- **What is required**: From the line containing "SOR_118R's tweet photo. 昨日ゎるーさんbirthday♡♡" down to the last line of the records below, give every line again without any change.

+-------+

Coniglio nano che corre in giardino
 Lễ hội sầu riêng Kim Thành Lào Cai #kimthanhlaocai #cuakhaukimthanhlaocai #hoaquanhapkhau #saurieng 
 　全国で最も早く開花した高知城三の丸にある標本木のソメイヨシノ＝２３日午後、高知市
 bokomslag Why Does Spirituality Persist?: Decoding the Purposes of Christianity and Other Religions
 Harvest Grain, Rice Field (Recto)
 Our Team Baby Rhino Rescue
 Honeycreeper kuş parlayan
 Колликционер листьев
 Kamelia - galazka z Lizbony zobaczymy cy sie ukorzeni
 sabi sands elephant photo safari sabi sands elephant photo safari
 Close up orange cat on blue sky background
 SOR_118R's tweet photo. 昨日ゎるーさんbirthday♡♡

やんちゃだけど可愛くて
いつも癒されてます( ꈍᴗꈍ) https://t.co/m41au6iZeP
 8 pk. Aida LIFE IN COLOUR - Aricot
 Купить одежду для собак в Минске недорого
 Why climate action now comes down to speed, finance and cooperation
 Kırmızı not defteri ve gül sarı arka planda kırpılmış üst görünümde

+-------+

- **Reply**:
 SOR_118R's tweet photo. 昨日ゎるーさんbirthday♡♡

やんちゃだけど可愛くて
いつも癒されてます( ꈍᴗꈍ) https://t.co/m41au6iZeP
 8 pk. Aida LIFE IN COLOUR - Aricot
 Купить одежду для собак в Минске недорого
 Why climate action now comes down to speed, finance and cooperation
 Kırmızı not defteri ve gül sarı arka planda kırpılmış üst görünümde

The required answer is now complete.